Amigos periodistas que lidiaron con él me han descrito la experiencia como una pesadilla. Las anécdotas de desplantes, broncas, pataletas son innumerables. Y sí, me creo que llamase «cretino» a Tarantino. Pero daba igual. Los mismos afectados lo reconocen. Daba igual, pues su música hacía que se le perdonara todo lo que pasaba fuera de ella. Es lo que tiene, justo o no que sea, pertenecer a la categoría de genio.

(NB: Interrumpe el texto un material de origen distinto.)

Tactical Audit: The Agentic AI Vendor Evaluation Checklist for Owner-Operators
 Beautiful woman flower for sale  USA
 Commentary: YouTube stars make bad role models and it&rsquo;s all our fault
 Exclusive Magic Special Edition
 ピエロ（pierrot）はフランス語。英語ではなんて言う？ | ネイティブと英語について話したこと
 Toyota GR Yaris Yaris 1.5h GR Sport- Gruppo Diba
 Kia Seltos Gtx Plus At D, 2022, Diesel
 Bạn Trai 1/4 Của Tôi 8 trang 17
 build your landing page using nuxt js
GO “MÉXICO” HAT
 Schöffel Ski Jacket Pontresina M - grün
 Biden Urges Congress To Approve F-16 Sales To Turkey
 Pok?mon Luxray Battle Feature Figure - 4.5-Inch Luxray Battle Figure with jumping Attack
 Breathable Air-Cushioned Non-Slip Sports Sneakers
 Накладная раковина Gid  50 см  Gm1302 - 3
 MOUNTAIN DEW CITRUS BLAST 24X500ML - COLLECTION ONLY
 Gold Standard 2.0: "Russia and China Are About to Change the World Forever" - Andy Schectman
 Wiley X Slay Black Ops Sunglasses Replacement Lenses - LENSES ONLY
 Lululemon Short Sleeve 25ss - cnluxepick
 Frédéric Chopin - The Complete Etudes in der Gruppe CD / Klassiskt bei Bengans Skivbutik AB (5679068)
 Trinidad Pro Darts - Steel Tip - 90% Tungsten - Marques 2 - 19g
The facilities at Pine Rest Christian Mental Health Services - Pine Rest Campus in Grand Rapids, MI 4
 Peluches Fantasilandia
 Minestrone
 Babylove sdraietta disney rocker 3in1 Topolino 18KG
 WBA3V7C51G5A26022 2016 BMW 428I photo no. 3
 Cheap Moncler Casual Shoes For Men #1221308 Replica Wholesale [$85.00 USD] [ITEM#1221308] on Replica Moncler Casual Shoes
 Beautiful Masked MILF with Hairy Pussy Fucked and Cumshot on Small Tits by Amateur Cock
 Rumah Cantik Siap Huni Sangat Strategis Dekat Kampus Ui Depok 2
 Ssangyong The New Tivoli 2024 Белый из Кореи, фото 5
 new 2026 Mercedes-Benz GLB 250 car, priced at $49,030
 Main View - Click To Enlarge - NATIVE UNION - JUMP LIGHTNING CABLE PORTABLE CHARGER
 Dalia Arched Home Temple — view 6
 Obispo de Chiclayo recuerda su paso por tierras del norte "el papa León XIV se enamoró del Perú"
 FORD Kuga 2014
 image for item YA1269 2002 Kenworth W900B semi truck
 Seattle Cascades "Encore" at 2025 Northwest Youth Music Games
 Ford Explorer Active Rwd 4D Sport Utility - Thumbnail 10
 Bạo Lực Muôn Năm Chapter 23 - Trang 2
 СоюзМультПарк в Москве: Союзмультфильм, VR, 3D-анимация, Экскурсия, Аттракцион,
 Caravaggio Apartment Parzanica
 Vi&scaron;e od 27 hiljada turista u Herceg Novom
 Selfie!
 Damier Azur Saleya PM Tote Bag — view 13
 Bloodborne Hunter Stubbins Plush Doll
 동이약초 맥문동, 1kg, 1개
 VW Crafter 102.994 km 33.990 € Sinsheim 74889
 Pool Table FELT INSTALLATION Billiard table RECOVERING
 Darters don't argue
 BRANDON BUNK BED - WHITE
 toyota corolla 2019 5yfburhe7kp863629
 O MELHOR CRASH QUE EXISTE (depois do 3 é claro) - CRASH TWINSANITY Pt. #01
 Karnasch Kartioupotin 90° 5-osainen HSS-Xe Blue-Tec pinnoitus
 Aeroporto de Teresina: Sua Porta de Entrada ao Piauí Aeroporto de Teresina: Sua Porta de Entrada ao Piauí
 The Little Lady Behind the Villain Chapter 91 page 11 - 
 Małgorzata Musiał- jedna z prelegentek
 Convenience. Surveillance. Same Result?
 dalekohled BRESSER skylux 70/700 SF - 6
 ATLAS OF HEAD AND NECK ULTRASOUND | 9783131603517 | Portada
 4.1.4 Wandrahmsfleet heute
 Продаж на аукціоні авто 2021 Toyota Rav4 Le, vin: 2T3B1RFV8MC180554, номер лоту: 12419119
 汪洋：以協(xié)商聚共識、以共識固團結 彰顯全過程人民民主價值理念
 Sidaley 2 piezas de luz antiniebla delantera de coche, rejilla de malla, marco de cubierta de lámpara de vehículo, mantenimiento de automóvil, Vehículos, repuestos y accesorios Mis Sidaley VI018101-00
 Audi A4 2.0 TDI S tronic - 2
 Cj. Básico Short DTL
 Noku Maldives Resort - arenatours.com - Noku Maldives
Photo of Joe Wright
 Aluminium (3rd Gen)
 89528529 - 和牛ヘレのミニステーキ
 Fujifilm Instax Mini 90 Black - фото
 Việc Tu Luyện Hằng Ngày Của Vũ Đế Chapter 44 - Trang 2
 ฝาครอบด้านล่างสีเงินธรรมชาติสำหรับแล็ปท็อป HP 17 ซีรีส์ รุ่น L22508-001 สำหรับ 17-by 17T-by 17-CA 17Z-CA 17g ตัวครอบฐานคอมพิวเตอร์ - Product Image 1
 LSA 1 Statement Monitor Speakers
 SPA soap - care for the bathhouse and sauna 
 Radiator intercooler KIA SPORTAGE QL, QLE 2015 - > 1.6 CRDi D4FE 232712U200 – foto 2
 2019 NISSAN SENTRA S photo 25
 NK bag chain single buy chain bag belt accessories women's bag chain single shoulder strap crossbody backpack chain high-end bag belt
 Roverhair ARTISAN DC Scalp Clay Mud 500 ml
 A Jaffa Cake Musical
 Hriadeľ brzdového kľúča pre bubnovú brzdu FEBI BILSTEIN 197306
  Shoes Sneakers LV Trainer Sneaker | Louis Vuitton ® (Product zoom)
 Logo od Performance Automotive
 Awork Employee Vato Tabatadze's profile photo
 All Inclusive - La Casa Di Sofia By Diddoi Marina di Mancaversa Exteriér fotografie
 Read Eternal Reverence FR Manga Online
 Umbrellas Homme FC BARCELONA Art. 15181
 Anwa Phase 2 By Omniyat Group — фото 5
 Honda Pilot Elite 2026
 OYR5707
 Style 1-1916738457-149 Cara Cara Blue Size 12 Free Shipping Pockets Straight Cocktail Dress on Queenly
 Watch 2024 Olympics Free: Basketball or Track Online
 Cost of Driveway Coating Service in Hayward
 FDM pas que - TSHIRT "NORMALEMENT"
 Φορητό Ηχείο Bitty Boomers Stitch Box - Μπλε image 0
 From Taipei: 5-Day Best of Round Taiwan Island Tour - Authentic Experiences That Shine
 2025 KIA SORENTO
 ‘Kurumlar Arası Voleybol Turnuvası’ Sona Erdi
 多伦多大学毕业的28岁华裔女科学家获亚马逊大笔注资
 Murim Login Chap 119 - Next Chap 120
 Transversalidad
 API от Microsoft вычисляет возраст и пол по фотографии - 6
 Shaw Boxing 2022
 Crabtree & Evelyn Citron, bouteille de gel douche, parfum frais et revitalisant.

Siempre me ha caído bien. Dentro y fuera de su música. Porque decía que el arte no era fruto del talento innato o de la intuición «sobrenatural» sino de la seriedad, la dedicación y la constancia: un motivo de ánimo y esperanza para los desgraciados que somos de sudar mucho para lograr las cosas. Y por su pasión por el fútbol. Quería ser futbolista y acabó siendo compositor porque no pudo ser futbolista. En toda la cara a esa elite intelectual esnobista que desprecia la mediocridad, a Cristiano y compañía y, por extensión, todo lo terrenalmente popular. Morricone era un genio de la cultura pulp, empezando por su amor, ese género tan despreciado por la elite como el cine del Oeste.

No me pidáis que elija sus mejores bandas sonoras. Lo que sé es que, tras leer de su muerte, me he sorprendido silbando una melodía de Érase una vez en América. Se trata de una secuencia en la que Patsy niño compra un pastel que piensa donar a una prostituta a cambio de sexo: mientras espera que la chica le atienda se come el pastel. No sé porque me han vuelto a la mente precisamente esas notas. Pero no es la primera vez que me ocurre. Si lo analizo, me decanto por pensar que mi cerebro las evoca cuando la realidad que me rodea me desagrada y anhelo volver a ser un crío, como Patsy. Distintos recuerdos de mi vida encajan con esa melodía. Y pienso que soy afortunado porque este señor ha compuesto parte de la banda sonora de mi vida.